-- BRIEF --
Using the data beneath, show every line that includes the word "answer".

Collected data
--------------------
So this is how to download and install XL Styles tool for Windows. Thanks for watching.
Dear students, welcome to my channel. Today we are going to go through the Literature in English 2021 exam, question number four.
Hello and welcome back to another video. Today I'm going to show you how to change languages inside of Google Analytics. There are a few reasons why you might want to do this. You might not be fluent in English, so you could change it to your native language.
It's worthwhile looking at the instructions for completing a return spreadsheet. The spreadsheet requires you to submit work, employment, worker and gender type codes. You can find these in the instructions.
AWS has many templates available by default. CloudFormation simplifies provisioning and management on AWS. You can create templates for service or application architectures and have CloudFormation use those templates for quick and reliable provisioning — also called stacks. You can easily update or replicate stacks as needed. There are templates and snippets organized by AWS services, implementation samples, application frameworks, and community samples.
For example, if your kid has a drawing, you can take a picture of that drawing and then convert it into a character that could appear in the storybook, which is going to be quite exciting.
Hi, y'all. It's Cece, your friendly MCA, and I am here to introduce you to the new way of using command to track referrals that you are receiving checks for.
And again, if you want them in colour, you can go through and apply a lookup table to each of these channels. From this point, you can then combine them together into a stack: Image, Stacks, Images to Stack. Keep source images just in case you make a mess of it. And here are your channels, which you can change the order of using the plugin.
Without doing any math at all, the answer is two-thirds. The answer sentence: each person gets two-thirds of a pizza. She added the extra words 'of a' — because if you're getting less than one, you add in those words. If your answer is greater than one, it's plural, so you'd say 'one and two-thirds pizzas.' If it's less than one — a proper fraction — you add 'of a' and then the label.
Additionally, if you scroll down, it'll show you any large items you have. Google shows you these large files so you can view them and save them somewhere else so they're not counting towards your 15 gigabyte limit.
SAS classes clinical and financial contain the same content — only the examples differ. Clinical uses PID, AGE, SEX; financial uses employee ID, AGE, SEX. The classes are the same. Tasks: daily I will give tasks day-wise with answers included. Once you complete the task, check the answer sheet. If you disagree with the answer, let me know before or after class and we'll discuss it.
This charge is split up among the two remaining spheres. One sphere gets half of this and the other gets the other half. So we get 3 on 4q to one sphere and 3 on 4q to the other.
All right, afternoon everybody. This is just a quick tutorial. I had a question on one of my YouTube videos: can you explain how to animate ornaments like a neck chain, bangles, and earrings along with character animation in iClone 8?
--------------------
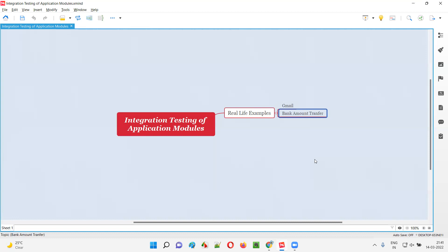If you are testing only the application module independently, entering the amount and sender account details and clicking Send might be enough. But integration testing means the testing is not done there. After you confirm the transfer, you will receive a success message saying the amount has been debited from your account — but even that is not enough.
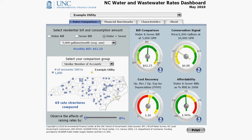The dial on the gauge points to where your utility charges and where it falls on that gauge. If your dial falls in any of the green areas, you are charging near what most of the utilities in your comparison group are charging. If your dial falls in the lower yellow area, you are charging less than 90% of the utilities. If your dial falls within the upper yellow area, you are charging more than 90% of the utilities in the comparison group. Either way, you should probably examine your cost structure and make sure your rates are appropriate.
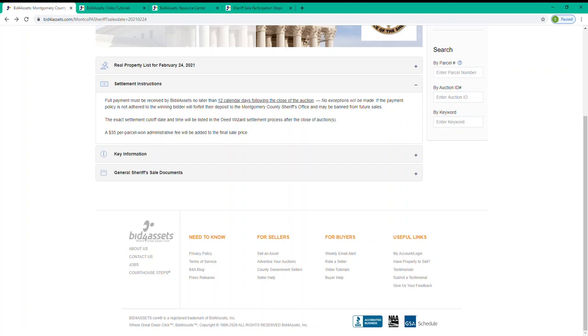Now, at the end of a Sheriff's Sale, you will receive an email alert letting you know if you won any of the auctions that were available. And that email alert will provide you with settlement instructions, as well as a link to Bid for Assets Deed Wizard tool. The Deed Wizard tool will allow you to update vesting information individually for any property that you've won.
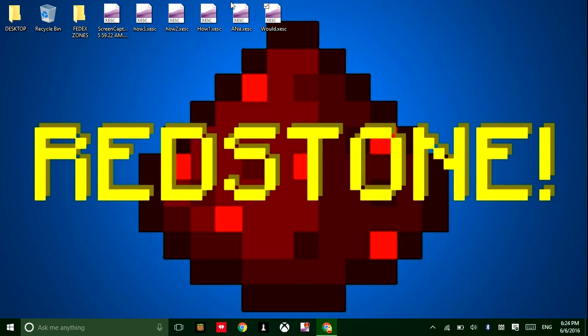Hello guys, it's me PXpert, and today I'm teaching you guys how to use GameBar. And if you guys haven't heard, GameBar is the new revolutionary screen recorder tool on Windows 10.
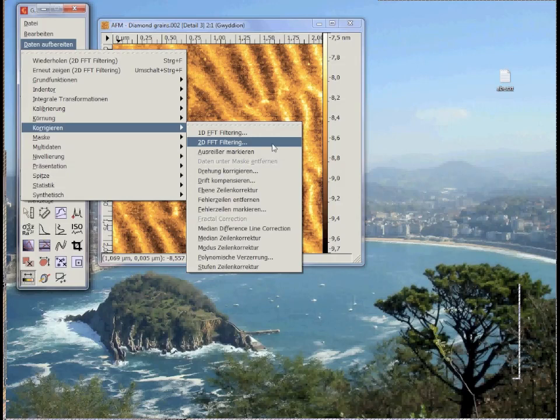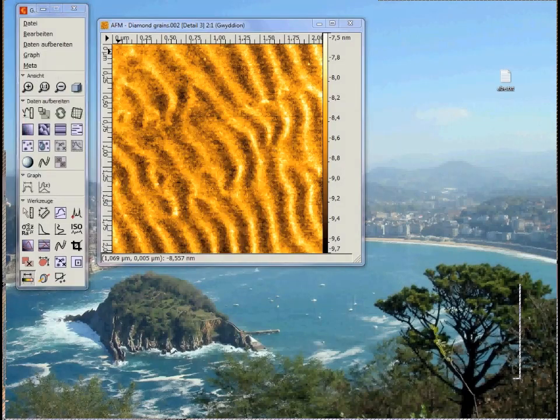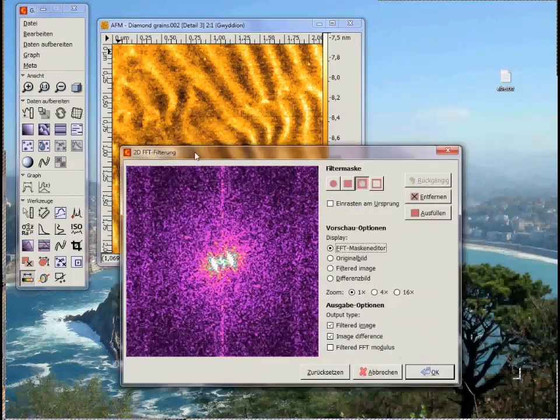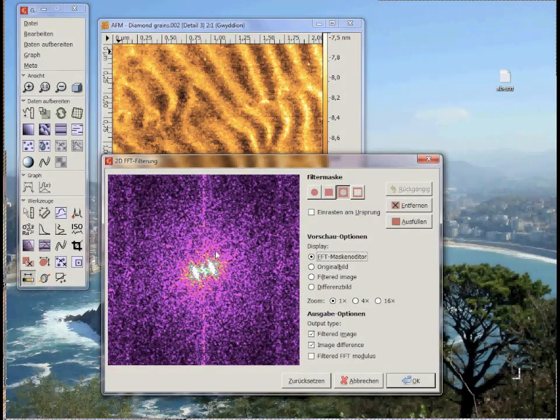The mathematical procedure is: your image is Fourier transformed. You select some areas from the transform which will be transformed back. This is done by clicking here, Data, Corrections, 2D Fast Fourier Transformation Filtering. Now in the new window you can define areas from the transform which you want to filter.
--------------------
-- EXERCISE RESULT --
Without doing any math at all, the answer is two-thirds. The answer sentence: each person gets two-thirds of a pizza. She added the extra words 'of a' — because if you're getting less than one, you add in those words. If your answer is greater than one, it's plural, so you'd say 'one and two-thirds pizzas.' If it's less than one — a proper fraction — you add 'of a' and then the label.
SAS classes clinical and financial contain the same content — only the examples differ. Clinical uses PID, AGE, SEX; financial uses employee ID, AGE, SEX. The classes are the same. Tasks: daily I will give tasks day-wise with answers included. Once you complete the task, check the answer sheet. If you disagree with the answer, let me know before or after class and we'll discuss it.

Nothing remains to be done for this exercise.